O fato de ter sido reconhecido no Uber e de a história ter repercutido te ajudou em algo? Essa foto que viralizou foi tirada cinco meses depois que eu comecei. Não fez muita diferença, não. Ganhei muitos seguidores, mas perdi meu perfil no Instagram por conta disso. Hackearam minha conta e tudo o que eu postava nos stories era denunciado como conteúdo indevido.

Como você retomou a carreira? Não deixei de ser ator, porque enquanto estava no Uber fazia testes. Também não estou topando tudo para aparecer na televisão, por exemplo. Procuro trabalhos que me toquem. Prefiro fazer meu corre de motorista a aceitar algo que não faça diferença para mim.

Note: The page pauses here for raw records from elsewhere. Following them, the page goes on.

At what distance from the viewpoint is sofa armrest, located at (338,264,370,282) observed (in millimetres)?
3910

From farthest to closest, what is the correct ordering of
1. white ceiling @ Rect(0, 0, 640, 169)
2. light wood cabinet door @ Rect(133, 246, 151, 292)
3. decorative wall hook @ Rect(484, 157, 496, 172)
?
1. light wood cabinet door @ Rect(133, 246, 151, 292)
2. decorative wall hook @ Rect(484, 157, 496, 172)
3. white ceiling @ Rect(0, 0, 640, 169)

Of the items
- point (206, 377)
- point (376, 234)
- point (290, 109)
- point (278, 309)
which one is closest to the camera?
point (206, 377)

Nas novelas, a maioria dos atores negros ainda têm papéis secundários ou estão em representações que reforçam estereótipos. Como você lida com isso? Faz sentido para você? Já entrei na televisão sabendo como seria. Meus personagens sempre foram motorista, empregado, escravo. Nunca me deram um médico para fazer, um empresário. Quando me chamaram para ser garimpeiro, aceitei. Era uma novela das 9 e passei por cima do que acredito para estar lá, trabalhando com atores como Marieta Severo e Rafael Losso, que virou meu amigo. Fora que eu não posso ficar muito tempo longe de novela pois acham que não estou trabalhando. Aceito, vou e faço o personagem crescer.

Fotos: Henrique Oda / Divulgação

Não tem como conversar com você e não falar do Buscapé de Cidade de Deus. Quando você foi chamado para fazer, tinha noção do que era? Eu nasci na Baixada Fluminense, perto de Nova Iguaçu, e, com quatro anos, fui para o Morro do Cantagalo morar com minha mãe. Ela falava que, depois da escola, eu tinha que ocupar minha cabeça com algo. Então, sempre procurava fazer um curso, o que tivesse disponível na comunidade. Fiz técnicos de artes cênicas, edição, câmera. Me inscrevi em uma oficina de interpretação, mas não sabia que era um teste. Para mim, era mais um curso. Quando me ligaram e disseram que havia passado na seleção, eu respondi: “Filme? Que filme?”. Tinha 18 anos, chamei minha mãe e perguntei o que ela achava, se era melhor ir para o Exército ou filmar. Ela deixou a escolha nas minhas mãos e fui.

Como o sucesso mundial do filme mexeu com sua cabeça? Foi tudo muito rápido. Estava fazendo oficinas e, logo em seguida, já filmando. Assim que o filme foi lançado, já estava tirando passaporte, viajando o mundo, conhecendo cônsul, sheik árabe, presidentes. Foi surreal. Não teve deslumbramento, mas minha primeira viagem para Europa foi um baque. Fui para Paris, a cidade mais glamourosa que tem, andei de Mercedes, um choque. Conversava muito com minha mãe e com o Guti Fraga, um dos idealizadores do grupo Nós do Morro, no Vidigal, que formou os atores para o longa. Eles me trouxeram para realidade. Já pensou em voltar de um lugar onde o táxi é Mercedes e ir para sua casa onde cai água na sua cara quando chove? Claro que eu queria ficar lá, qualquer ser humano teria a mesma ideia. Mas voltei, fiz cursos e a primeira novela na Globo, Cabocla. De lá para cá, não parei mais de trabalhar.